Asking about HB-Reg is like asking about advice for running regressions in Excel or SPSS. Typically, with HB-Reg problems, you are considering that each row (case) is independent of the others. Thus, if you multiply two IVs together to create a new IV, that's an Interaction Effect.
Cross-effects are something different, involving discrete choice designs where multiple alternatives are being considered. The multiple alternatives are each coded as rows (cases), but they are interrelated within sets (tasks). Cross-effects model IIA violations...meaning that the utility of an alternative is not only a function of itself, but a function of other alternative's attributes. You aren't cross-multiplying IV columns to create cross effects in discrete choice modeling. You're simply including level codes for one row in the matrix that are actually associated with a different row in the matrix.
Your other question about interaction effects and problems. It's easier to interpret the results of interaction effects if the original main effects are zero-centered. That way, the coding for the interaction effects is orthogonal to the main effects...and the utilities of the main effects may still be interpreted in the traditional sense, independent of the interaction effects.

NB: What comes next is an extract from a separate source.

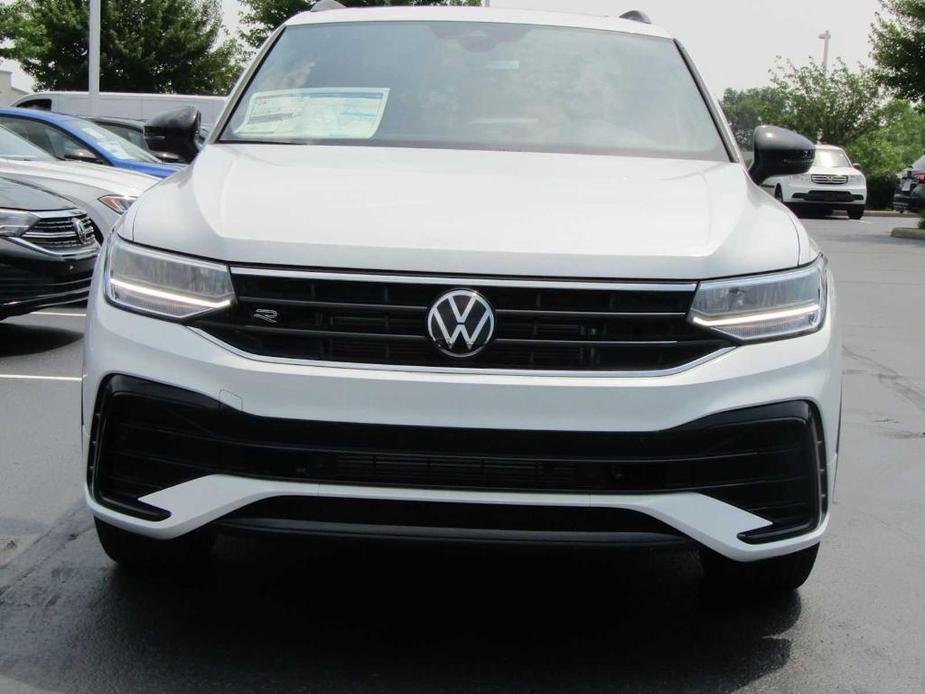 new 2024 Volkswagen Tiguan car, priced at $37,491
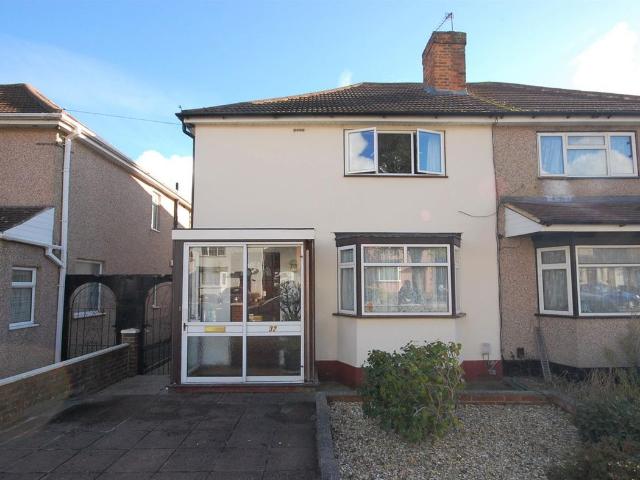 House for rent in London Borough of Ealing, Greater London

If you don't use zero-centered independent variables, then the interpretation of the resulting betas is more complicated (since information previously captured by main effects is now partialed out over interaction effects).
Oh, and don't forget that interaction effects place additional demands on the experimental design. The experimental design must be able to support main effects plus additional interaction effects to be able to include them in the model. Otherwise, you'll have troubles with convergence and overfitting.